YOUR TASK
Your answer must be an exact copy of the lines below, from the first through the one with "Kombo - チキンKomboミールの詳細ビュー。材料、価格、アプリでのカート追加ボタンが表示されています。", with no pictures.

DATA EXCERPT: Begin

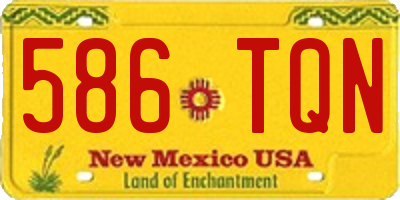NM license plate 586TQN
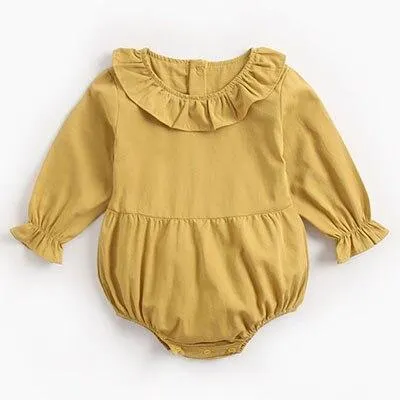 Infants Cowboy Rompers Baby Bodysuit Long Sleeve Cute Pure Color Romper New 2019 Autumn Winter Girls Baby Girl Clothes Jumpsuit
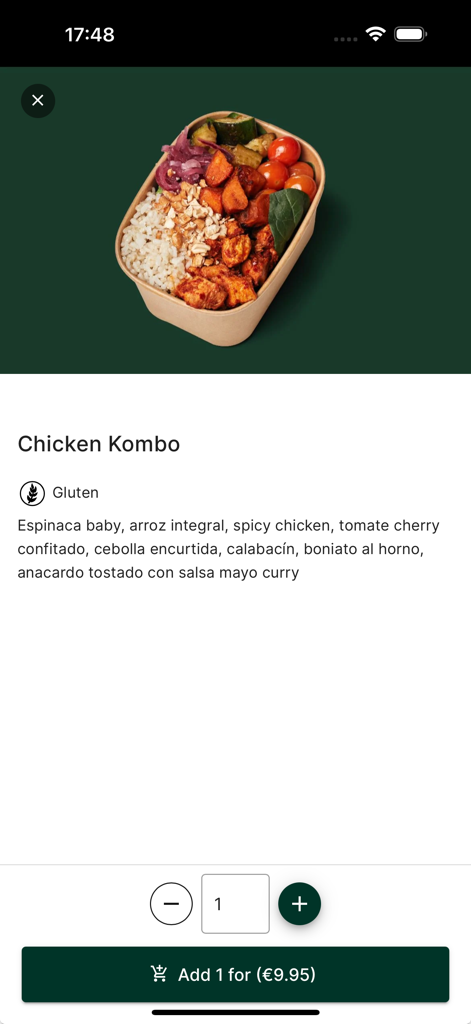 Kombo - チキンKomboミールの詳細ビュー。材料、価格、アプリでのカート追加ボタンが表示されています。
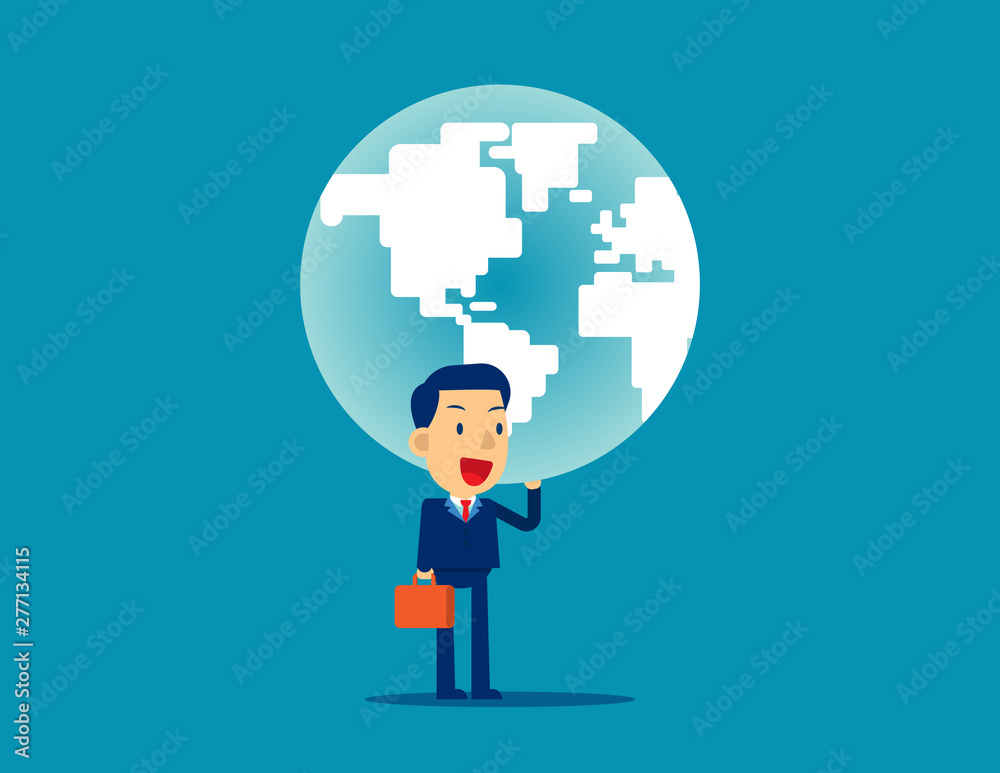 A man is holding up globe. Concept business strength vector illustration, Planet, Power, Successful.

DATA EXCERPT: End

TASK RESULT
NM license plate 586TQN
 Infants Cowboy Rompers Baby Bodysuit Long Sleeve Cute Pure Color Romper New 2019 Autumn Winter Girls Baby Girl Clothes Jumpsuit
 Kombo - チキンKomboミールの詳細ビュー。材料、価格、アプリでのカート追加ボタンが表示されています。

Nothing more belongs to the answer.